Fra Carnevale (?) (ca. 1420/25-1484)
The Annunciation
Tempera and gold on wood, 69.9 x 78 cm
Alte Pinakothek, Munich (inv. no. 645)

 

 

About the show:

The Metropolitan Museum of Art's Robert Lehman Wing, its premiere architectural addition that opened in 1975, houses the late Mr. Lehman's substantial Renaissance acquisitions. Set aside in rooms that recreate the calm ambiance of his former Manhattan townhouse, this repository of masterpieces exudes his taste for Old and Modern masters in paintings and drawings, plus his predilection for the decorative arts.

The court level of this skylit edifice is, therefore, the perfect setting for From Filippo Lippi to Piero della Francesca: Fra Carnevale and the Making of a Renaissance Master. Previously exhibited at the Pinacoteca di Brera, Milan, The Metropolitan Museum of Art is the show's only other stop. It's on view through May 1, 2005. Later this Fall and Winter, the Lehman Wing, whose staff is a veritable font of Renaissance scholarship, will proudly present Fra Angelico. The show will be this country's first major retrospective of this artistically conservative, Italian Renaissance master's works.

This exhibition displays the remarkable results of exacting archival research used to identify Bartolomeo di Giovanni Corradini (ca. 1420/25-1484).
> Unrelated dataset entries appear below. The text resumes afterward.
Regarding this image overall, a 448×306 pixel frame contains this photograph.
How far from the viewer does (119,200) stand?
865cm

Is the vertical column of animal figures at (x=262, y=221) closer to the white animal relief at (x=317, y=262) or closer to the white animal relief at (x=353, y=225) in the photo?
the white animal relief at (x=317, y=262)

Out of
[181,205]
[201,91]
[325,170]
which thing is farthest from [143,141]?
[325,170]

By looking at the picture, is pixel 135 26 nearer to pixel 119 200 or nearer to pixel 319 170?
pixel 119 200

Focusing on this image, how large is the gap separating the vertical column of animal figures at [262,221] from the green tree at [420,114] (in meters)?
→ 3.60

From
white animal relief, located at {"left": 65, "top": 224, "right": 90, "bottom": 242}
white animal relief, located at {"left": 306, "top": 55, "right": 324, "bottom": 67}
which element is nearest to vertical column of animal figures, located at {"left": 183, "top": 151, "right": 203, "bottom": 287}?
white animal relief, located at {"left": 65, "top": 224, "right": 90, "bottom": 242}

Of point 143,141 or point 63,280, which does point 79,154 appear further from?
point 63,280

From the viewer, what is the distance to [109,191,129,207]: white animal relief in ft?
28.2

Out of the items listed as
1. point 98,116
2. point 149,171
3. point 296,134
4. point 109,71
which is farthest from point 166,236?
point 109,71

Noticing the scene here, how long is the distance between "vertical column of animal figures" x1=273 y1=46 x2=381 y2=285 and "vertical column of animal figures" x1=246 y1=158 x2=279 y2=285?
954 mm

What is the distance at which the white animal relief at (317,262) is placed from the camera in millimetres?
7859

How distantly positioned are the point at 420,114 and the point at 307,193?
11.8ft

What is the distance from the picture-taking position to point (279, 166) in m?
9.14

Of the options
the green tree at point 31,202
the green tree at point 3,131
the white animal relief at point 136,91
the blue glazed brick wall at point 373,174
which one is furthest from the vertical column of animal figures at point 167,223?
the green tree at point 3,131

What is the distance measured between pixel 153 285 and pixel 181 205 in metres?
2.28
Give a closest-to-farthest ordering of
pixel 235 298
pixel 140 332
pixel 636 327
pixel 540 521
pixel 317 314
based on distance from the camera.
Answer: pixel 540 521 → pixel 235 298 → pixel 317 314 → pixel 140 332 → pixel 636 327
Known as Fra Carnevale, his name is translated Brother Lent (after the 40-day, Christian liturgical season of solemn fasting before Easter Sunday, commemorating the day of the Resurrection of Jesus Christ).
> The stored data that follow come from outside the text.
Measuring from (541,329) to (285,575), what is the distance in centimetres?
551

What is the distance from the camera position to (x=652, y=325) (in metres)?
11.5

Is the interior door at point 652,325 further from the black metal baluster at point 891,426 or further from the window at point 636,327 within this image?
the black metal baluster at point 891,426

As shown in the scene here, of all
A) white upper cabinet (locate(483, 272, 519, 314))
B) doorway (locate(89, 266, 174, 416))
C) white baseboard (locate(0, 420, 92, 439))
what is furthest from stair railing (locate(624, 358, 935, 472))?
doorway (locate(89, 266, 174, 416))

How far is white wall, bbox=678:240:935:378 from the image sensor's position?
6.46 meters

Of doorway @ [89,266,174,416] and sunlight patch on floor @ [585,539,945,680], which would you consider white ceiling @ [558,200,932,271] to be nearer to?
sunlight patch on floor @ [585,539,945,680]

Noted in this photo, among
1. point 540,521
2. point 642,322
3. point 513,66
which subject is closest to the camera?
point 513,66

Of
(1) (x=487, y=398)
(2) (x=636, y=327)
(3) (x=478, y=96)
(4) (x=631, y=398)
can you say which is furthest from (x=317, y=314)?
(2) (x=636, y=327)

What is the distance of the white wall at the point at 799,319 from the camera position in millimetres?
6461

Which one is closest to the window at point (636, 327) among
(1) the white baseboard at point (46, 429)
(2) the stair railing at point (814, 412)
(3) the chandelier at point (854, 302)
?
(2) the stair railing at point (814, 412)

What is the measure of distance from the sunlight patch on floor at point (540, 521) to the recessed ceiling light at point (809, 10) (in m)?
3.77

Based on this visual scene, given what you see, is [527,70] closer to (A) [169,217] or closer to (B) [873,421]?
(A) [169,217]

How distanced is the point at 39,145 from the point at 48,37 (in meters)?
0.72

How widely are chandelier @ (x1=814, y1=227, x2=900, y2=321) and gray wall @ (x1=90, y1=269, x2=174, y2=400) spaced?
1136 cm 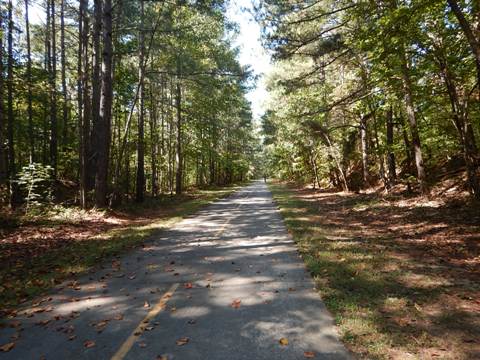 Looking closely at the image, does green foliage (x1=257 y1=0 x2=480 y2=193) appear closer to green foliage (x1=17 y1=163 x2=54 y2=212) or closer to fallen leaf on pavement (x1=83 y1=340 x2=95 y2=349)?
fallen leaf on pavement (x1=83 y1=340 x2=95 y2=349)

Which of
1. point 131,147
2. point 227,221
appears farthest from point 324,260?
point 131,147

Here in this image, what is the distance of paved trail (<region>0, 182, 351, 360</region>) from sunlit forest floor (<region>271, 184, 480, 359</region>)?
0.47 meters

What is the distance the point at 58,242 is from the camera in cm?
1059

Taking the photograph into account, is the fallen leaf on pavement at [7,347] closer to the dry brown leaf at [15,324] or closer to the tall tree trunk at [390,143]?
the dry brown leaf at [15,324]

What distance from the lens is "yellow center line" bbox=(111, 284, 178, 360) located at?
165 inches

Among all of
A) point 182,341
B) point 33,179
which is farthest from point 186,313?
point 33,179

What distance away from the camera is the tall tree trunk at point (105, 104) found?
581 inches

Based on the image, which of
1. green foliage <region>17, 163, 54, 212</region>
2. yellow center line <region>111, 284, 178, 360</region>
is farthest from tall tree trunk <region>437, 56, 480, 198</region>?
green foliage <region>17, 163, 54, 212</region>

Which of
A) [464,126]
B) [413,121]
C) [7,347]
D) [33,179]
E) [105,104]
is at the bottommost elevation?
[7,347]

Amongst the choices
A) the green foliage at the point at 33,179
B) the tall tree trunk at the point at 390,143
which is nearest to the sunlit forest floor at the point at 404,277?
the tall tree trunk at the point at 390,143

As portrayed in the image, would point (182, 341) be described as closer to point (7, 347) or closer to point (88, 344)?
point (88, 344)

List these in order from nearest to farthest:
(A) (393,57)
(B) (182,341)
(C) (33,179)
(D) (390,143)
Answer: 1. (B) (182,341)
2. (A) (393,57)
3. (C) (33,179)
4. (D) (390,143)

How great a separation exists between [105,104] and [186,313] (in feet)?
40.9

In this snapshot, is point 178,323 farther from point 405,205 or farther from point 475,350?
point 405,205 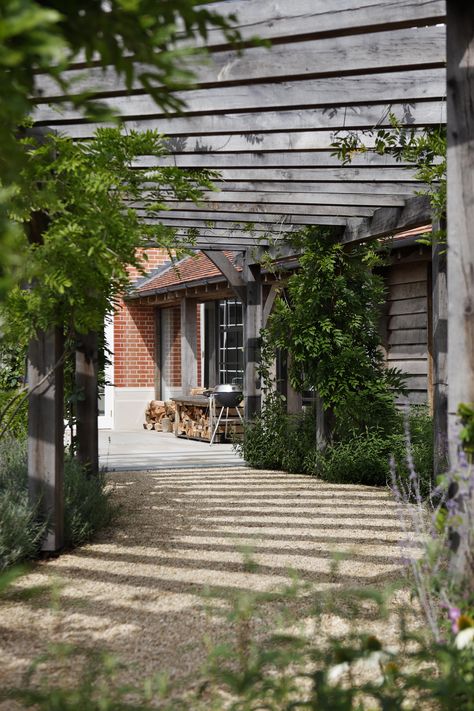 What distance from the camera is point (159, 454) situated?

Fra Carnevale was born in the western Adriatic duchy of Urbino, Italy (a Renaissance papal state ruled by the Montefeltro family during the Fifteenth Century). While in early adulthood, he migrated to artistically progressive Florence. There he refined his skills in painting while in the workshop of the Carmelite friar Filippo Lippi (1406/07-1469) during 1445-46. The licentious Lippi was an accomplished painter who fathered the prolific draftsman Filippino Lippi by Lucrezia Buti, a former nun, around 1457. The show aptly begins with the elder Lippi's devotional and monumental triptych (three-panel altarpiece) Madonna and Child with Saints Augustine, Ambrose, Gregory and Jerome (ca. 1440), here reassembled for the first time since 1935. The Virgin and Child are surrounded by the four saints in the form of a sacra conversazione (sacred conversation). This kind of composition, popular during the Renaissance, shows the enthroned Madonna and Child accompanied by saints and an angel. All of the figures coexist in the same space, suspended in time but not necessarily interacting with one another. The devotional nature of the masterpiece encourages the viewer to participate in this spiritual communion.

 


Filippo Lippi (1406-1469)
Madonna and Child with Saints Augustine, Ambrose, Gregory and Jerome
Tempera and gold on wood
The Metropolitan Museum of Art (center panel);
Accademia Albertina di Belle Arti, Turin (side panels)

 


A work in this show almost certainly by Fra Carnevale is The Annunciation from the Alte Pinakothek, Munich (first image above). The painting was executed for Jacques Coeur (1395-1456), the wealthy finance minister of Charles VII of France (1422-1461), whose coat of arms decorates the door behind the Virgin Mary. Charles was the dauphin (prince), crowned King of France partially through the efforts of the visionary Joan of Arc during a later phase of the Hundred Years' War (1337-1453) between the nascent English and French nations.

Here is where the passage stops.